**EXERCISE BRIEF:**
Set the whole listing down again, word for word, with no pictures.

**PROVIDED DATA:**

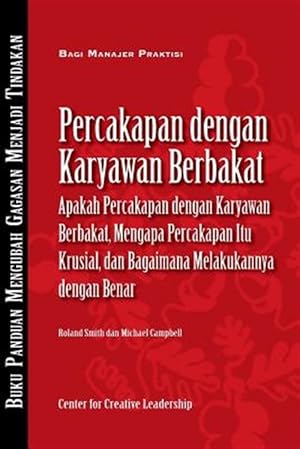 Imagen del vendedor de Talent Conversations: What They Are, Why They're Crucial, And How to Do Them Right (Bahasa Indonesian) -Language: indonesian a la venta por GreatBookPrices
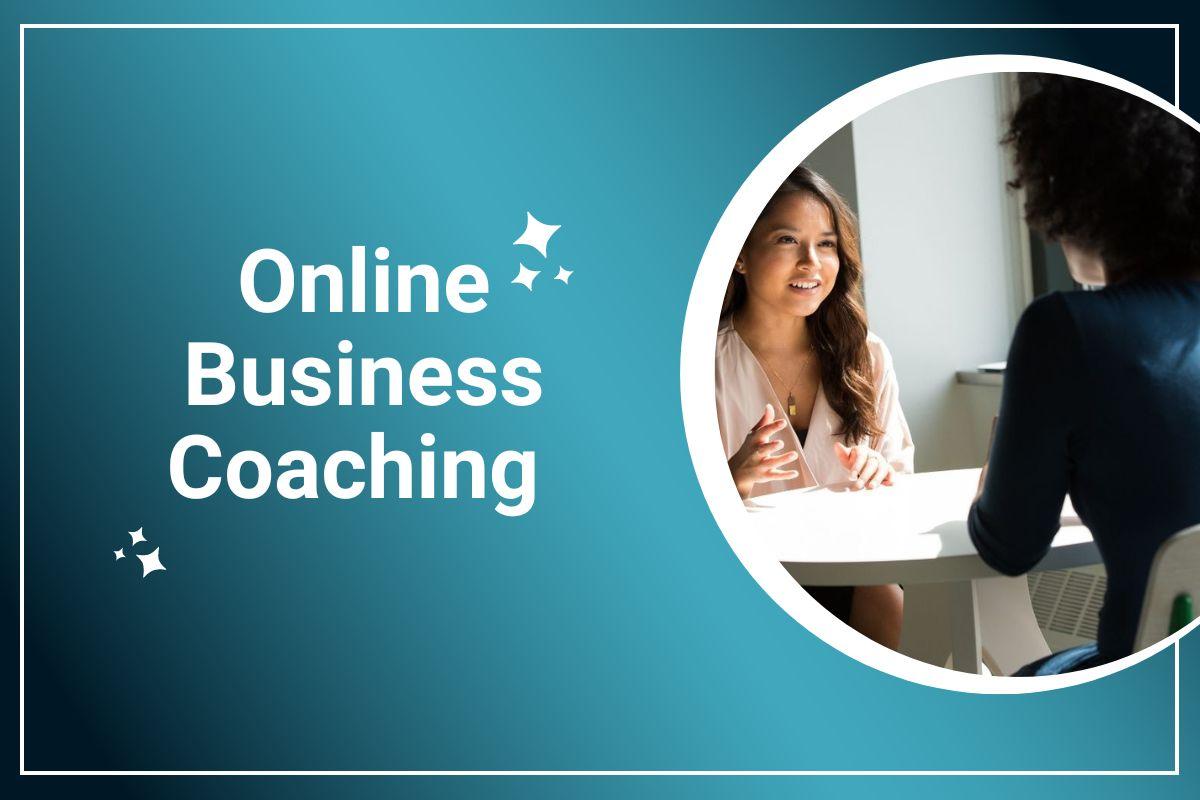 Online Business Coaching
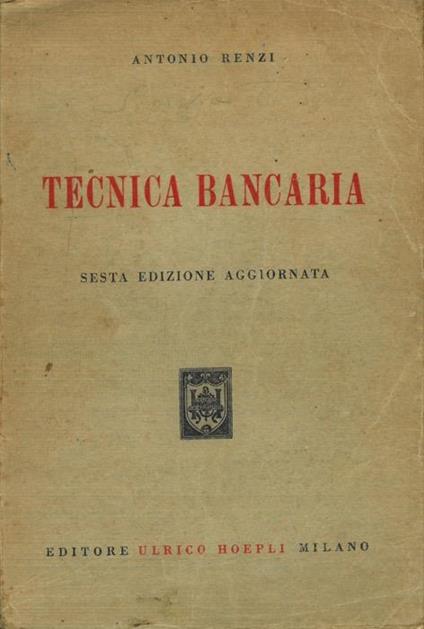 Tecnica bancaria. Edizione sesta aggiornata - Antonio Renzi - copertina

**RESULT OF THIS TASK:**
 Imagen del vendedor de Talent Conversations: What They Are, Why They're Crucial, And How to Do Them Right (Bahasa Indonesian) -Language: indonesian a la venta por GreatBookPrices
 Online Business Coaching
 Tecnica bancaria. Edizione sesta aggiornata - Antonio Renzi - copertina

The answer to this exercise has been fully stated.